The Last Contango Basis Report
The number one question on everyone’s mind is: what the heck happened this week? The gold price fell 5% on Friday and the silver price fell 6%. We of course look at this as the dollar getting stronger. We have long been predicting volatility as the paper monetary system goes off the rails. Why?
There are opposing trillion-ton forces. On the one hand, everyone has been borrowing for decades to fund purchases of assets that are now going bad. When they are squeezed, they must sell what they can sell in order to try to remain solvent. On the other hand, who in their right mind would buy the debt paper of failed states like Greece and Cyprus, failing states like Portugal and Spain, or heading-towards-failure states like the US?
Those with their balance sheet in gold can safely watch. Just as most dollar-based investors do not lose sleep if a stock is rising that they don’t own, gold-based investors do not lose sleep if the dollar is rising.
No, the consternation comes from having a dollar-denominated balance sheet, often using dollar-based debt to buy gold, and watching the gold price in dollar terms fall. Those who are trying to trade gold for dollar profits had a frustrating week this week.
First, let’s look at the price chart.

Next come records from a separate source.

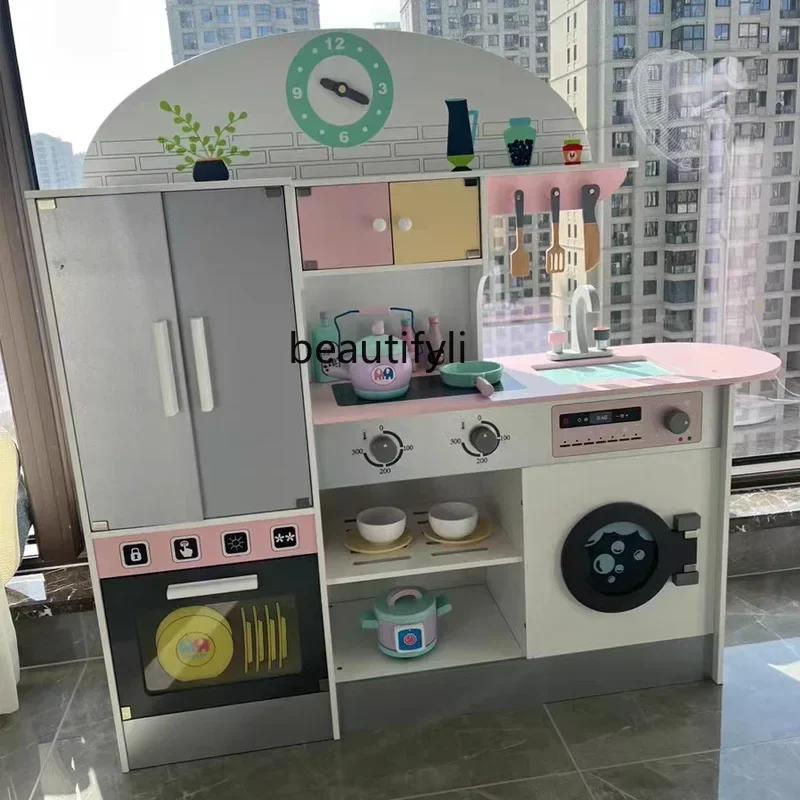 Baby Doll Children's Refrigerator Wooden Wood Simulation Mini Set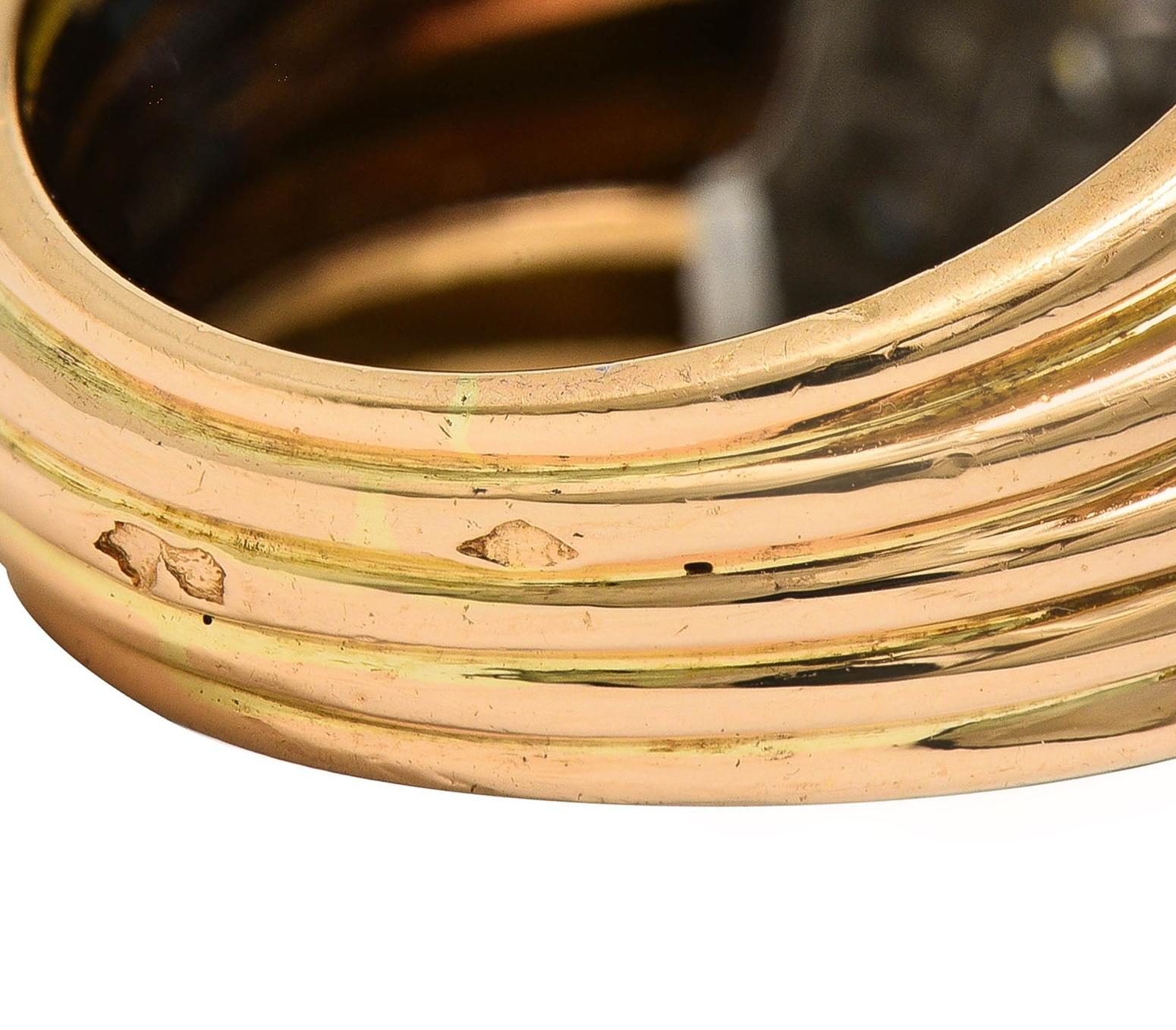 Retro French 1.65 CTW Diamond Platinum 18K Gold Vintage Domed Gadroon Ring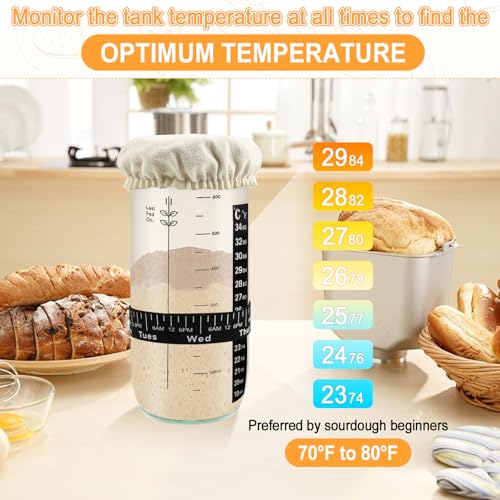 CEOTIS Sauerteig-Starterglas-Set, Deckel-Set, 680 ml, rundes Glas, mit Silikon-Spatel, Datums-Fütterband, Thermometer, Etikett, Stift, Messlöffel, Stoffabdeckung, wiederverwendbares Sauerteigbrot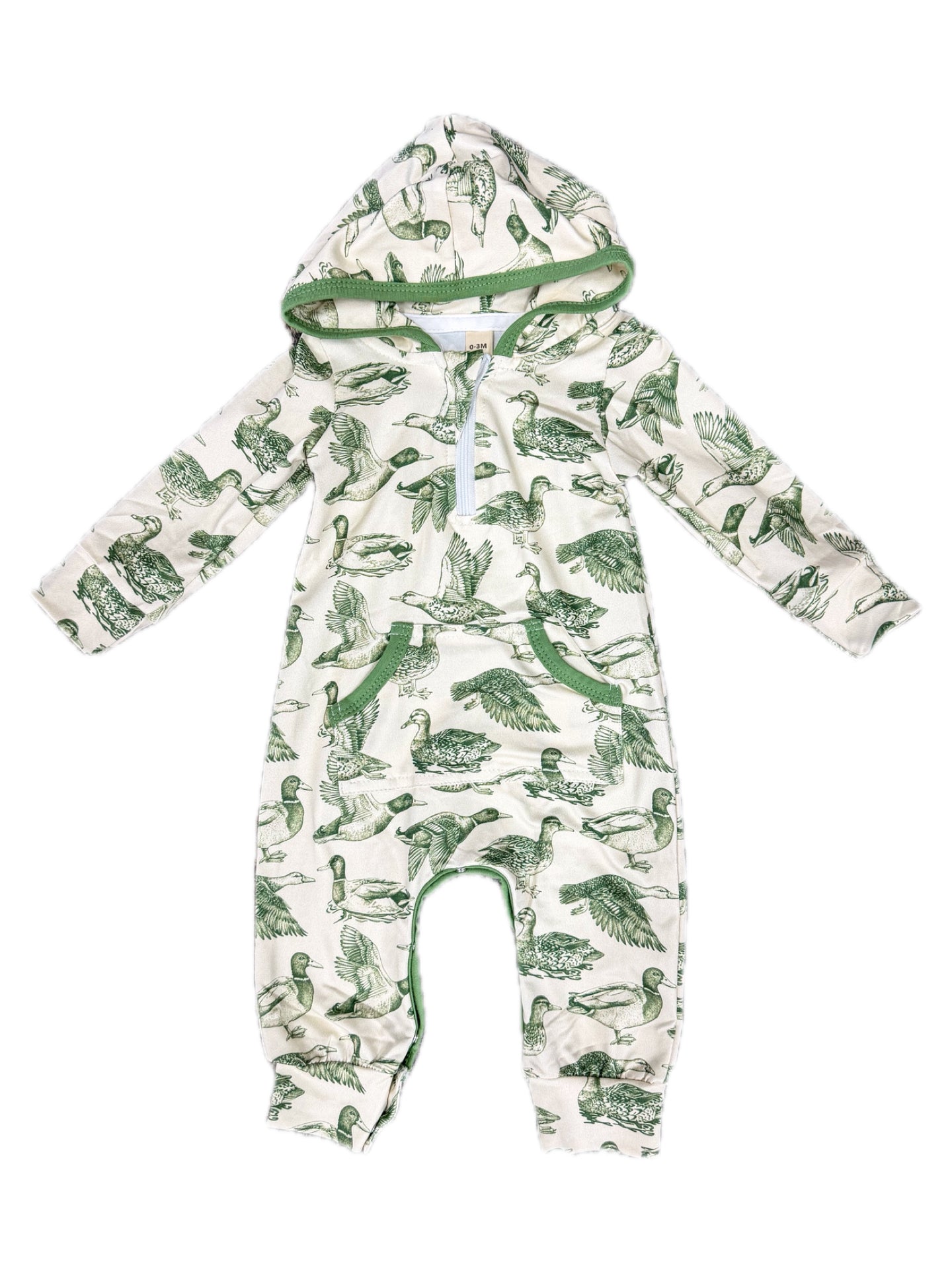 Green Mallard Hooded Romper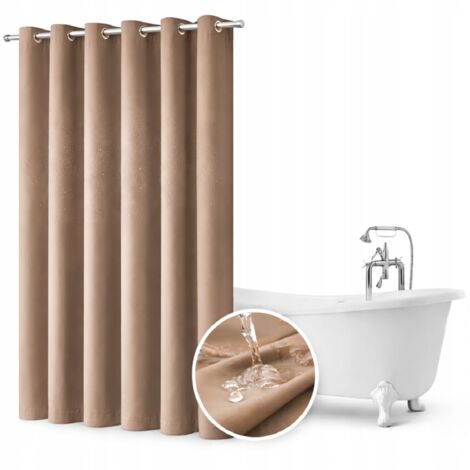 Cortina de baño de 150x200 cm, impermeable, con ojales, color beige.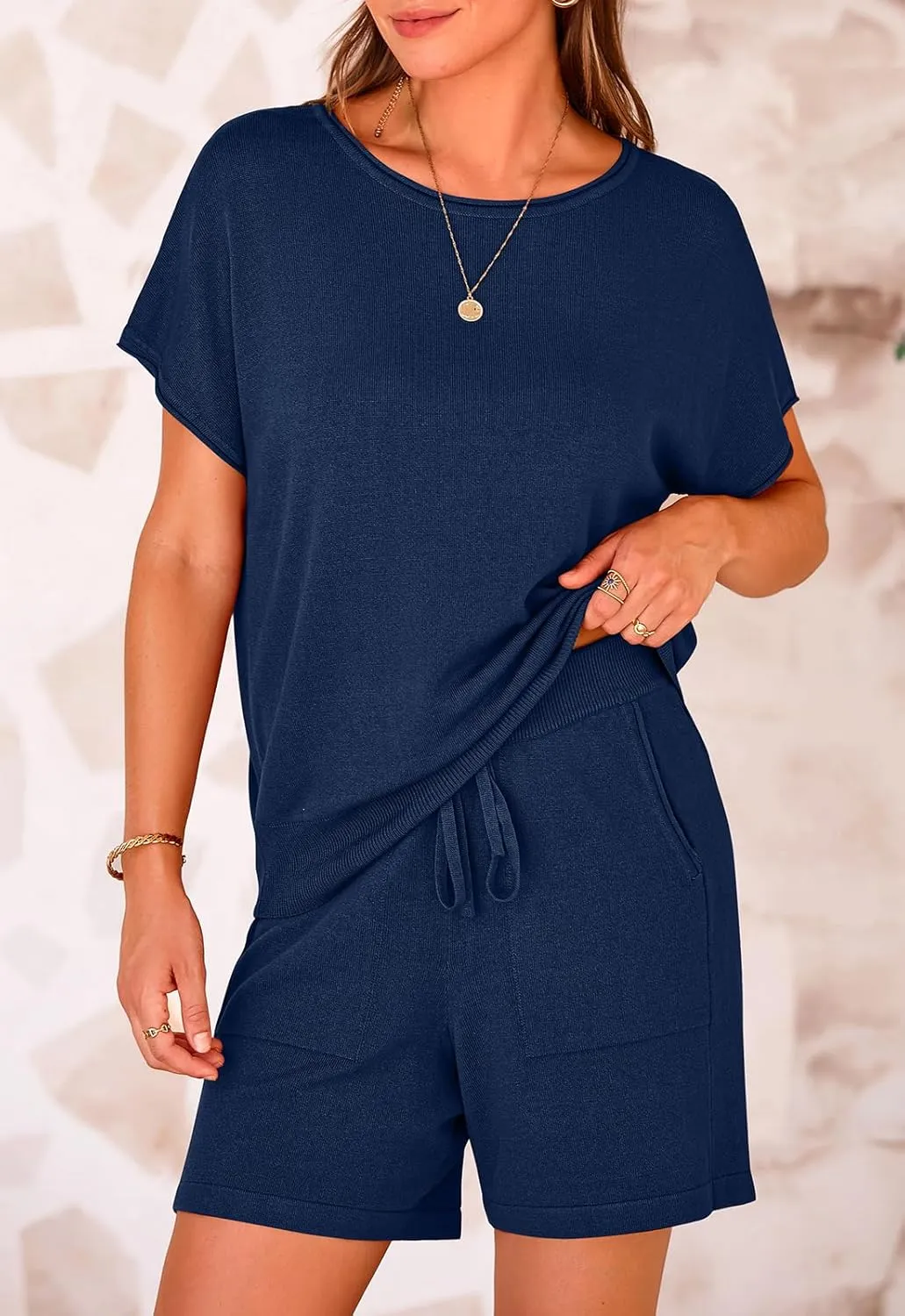 PRETTYGARDEN Two Piece Set For Women Summer Lounge Sets Shorts And Short Sleeve Tops Knitted Matching Travel Spring Outfits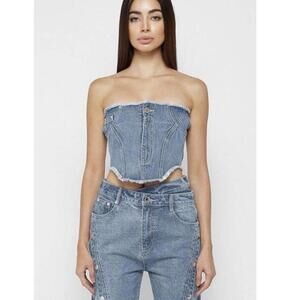 Maniere De Voir Blue Denim Strapless Top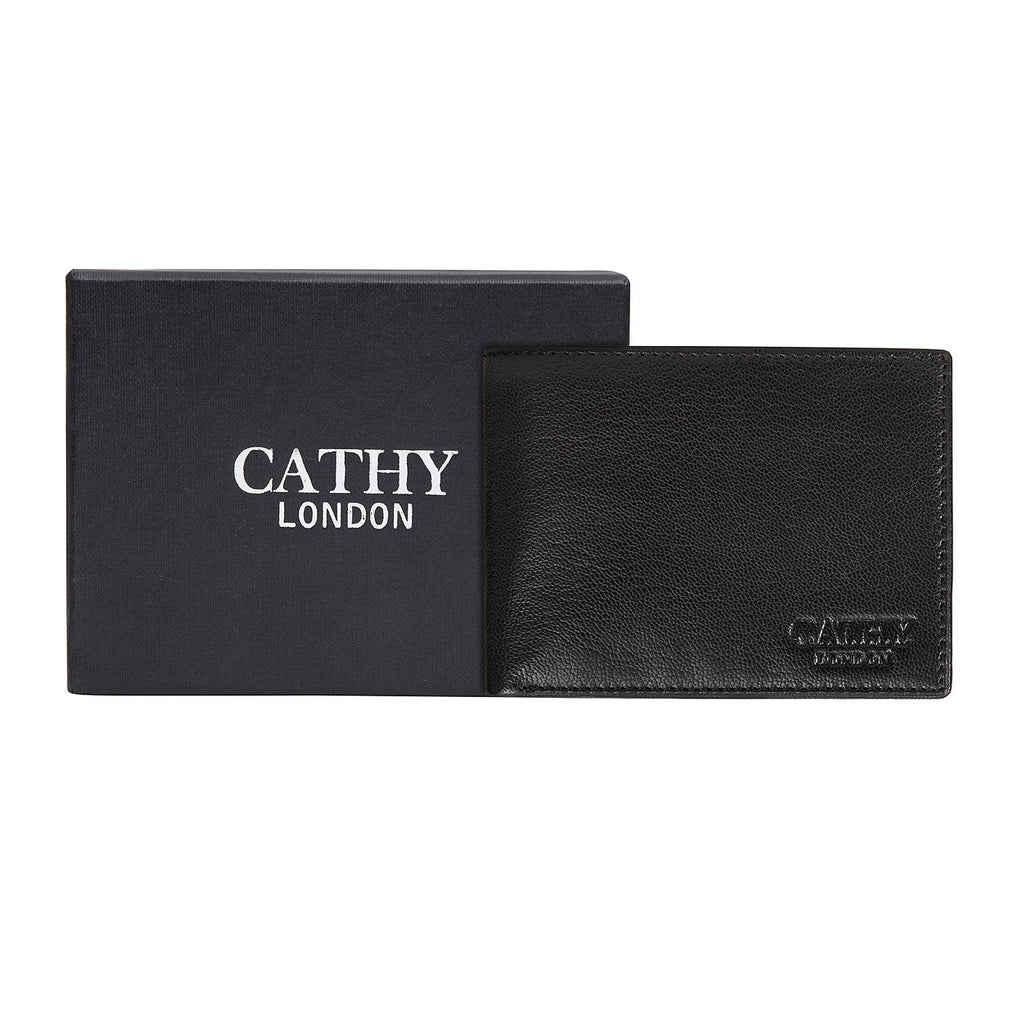 Black Colour Bi-Fold Italian Leather Slim Wallet ( 8 Card Slot + 2 ID Slot + 2 Hidden Compartment + Cash Compartment) Cathy London 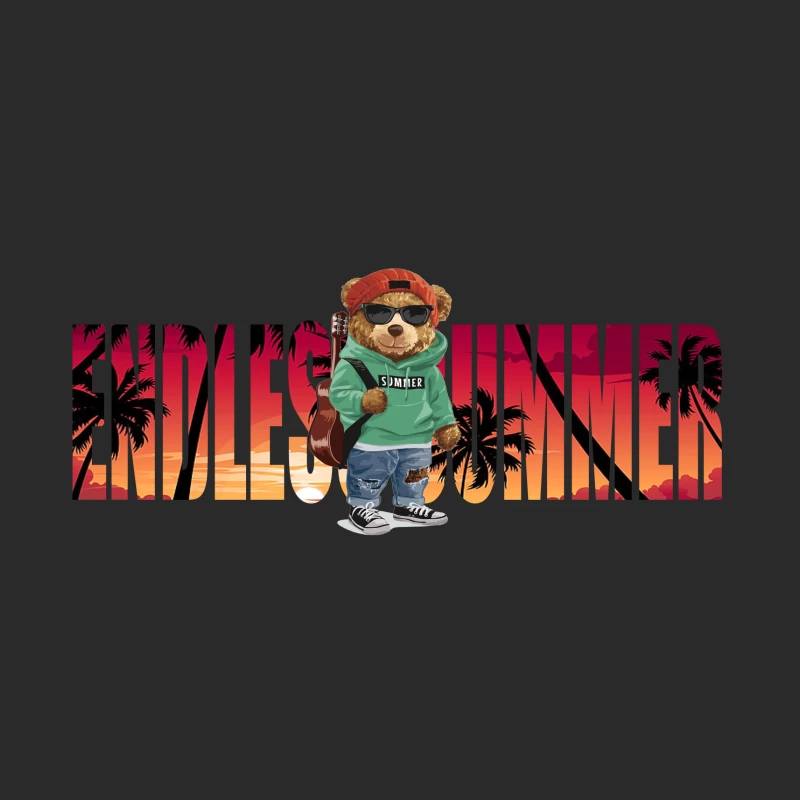 Cool Bear Enjoying Endless Summer Vibes Baseball Cap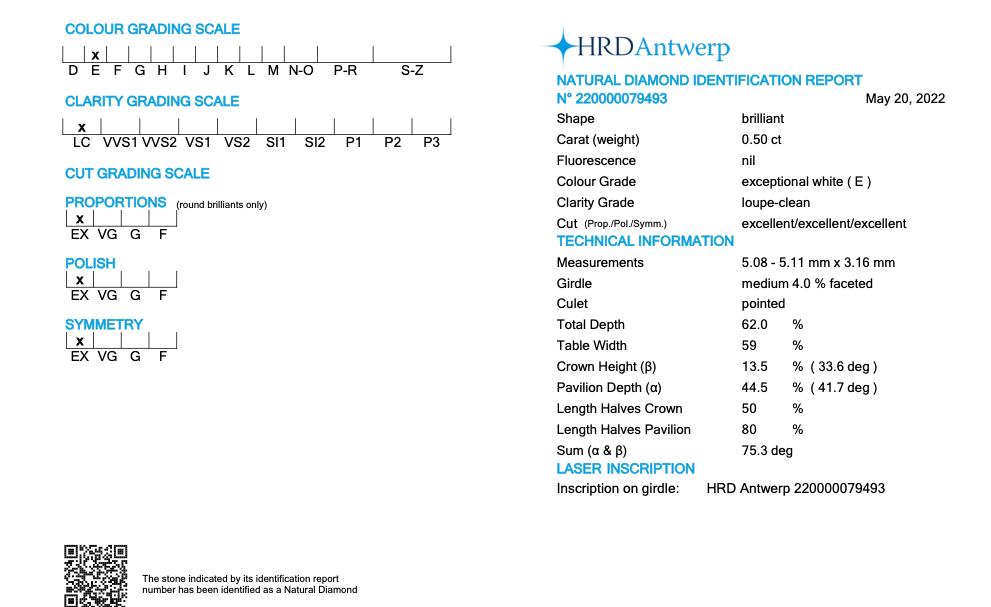 Diamante 0.50ct E IF LC certificato HRD certified diamond report 220000079493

Yes, the gold price really fell $100, and the silver price really fell $1.40. In gold terms, the dollar gained about 1.33mg.
Gold and Silver Price
One cannot understand the gold market in terms of the quantity of dollars they “print”, nor by looking at price charts. One must look at the basis (see here for a basic explanation). Week after week, we have been saying that the positive basis, i.e. “contango” is disappearing (hence the name of this report). This is a process of gold withdrawing its bid on the dollar. One cannot understand this if one lives in the dollar bubble look at the gold “price” as if it were comparable to the wheat “price” or the Mercedes E500 price.
Backwardation in the June contract has risen. This means that as the price has been falling, the owners of gold have been more reluctant to bring it to market and/or buyers of gold metal have been more aggressive.
Gold Basis and Cobasis
Much of the price decline on Friday occurred after the data for this chart was collected. We are pretty confident that if the gold price does not rise overnight, the cobasis will be higher, probably significantly.
The basis is not a predictor of either timing or market bottoms. Unlike many prognosticators, some of whom are now declaring the gold “bull market” to be over, we think the downside to the price is likely limited from here. Momentum and capitulation from frustrated speculators could carry it down further. But rising scarcity of the metal will set a floor (though it is not possible to say what the number will).
Here is the basis chart for silver.
Silver Basis and Cobasis
Let’s look at the gold:silver price ratio. We have been calling for it to rise since our first video on Jan 23. (Of course, we do not expect to pick exact bottoms and tops in the market as we did this time)
Gold to Silver Price Ratio
A reader asked us why in the Apr 7 report we said that we expected the gold:silver ratio to rise. In addition to that video, we did another one.
Let’s look at the open interest in the metals first. Open interest is the number of active contracts held at any given time. We see an interesting divergence starting around December.
Open Interest in Gold and Silver futures contracts on COMEX
It looks like futures traders are increasingly overly optimistic about the silver price compared to the gold price. These arbitrageurs could be putting on a long silver / short gold position. We would not recommend this trade!
If one wants to play this market with arbitrage, we would suggest long gold / short silver.
Now let’s look at the December cobasis for gold and silver. Unlike the front month contract, where the silver cobasis began rapidly rising around February, we see a very different picture here.
December cobases for gold and silver
Gold is becoming more and more scarce and silver has been about unchanged since December. If this is not persuasive that gold will outperform silver, here’s one more chart.
This one shows two snapshots of the silver basis and cobasis curves (analogous to the yield curve) out to December 2016. The first one was taken in July 2012 (shown in dotted lines). The second one was taken on Friday (solid lines).
Silver basis and cobasis curves
The dotted blue line is the basis curve as of last July. Notice that it is “inverted” and as near as the July 2014 contract, there was no positive basis or “carry”. This means it was not possible to buy physical silver and sell a Jul 2014 future against it, and earn a profit. More alarming still, the cobasis curve was also inverted. The cobasis was positive in Jul 2015. This means it was possible to sell a silver bar and buy a future and make a profit. John Maynard Keynes was wrong; “backwardation” is not normal—especially not in a monetary metal!
This inverted curve is the last vestige of what had been a much more serious structural problem that led to the silver price rising to $49 in April 2011. Since then, it has been in a long, slow process of correction.
Today (solid lines), the basis curve is still a bit inverted after July of 2014, and there is a slight inversion of the cobasis curve. But there is no backwardation to be seen and the cobasis for the Dec 2016 silver contract is firmly negative, at -0.7%.
As the inversion of the silver basis and cobasis curves predicted the drop in the gold:silver ratio from around 68 to around 30, the righting of these curves is predicting the opposite.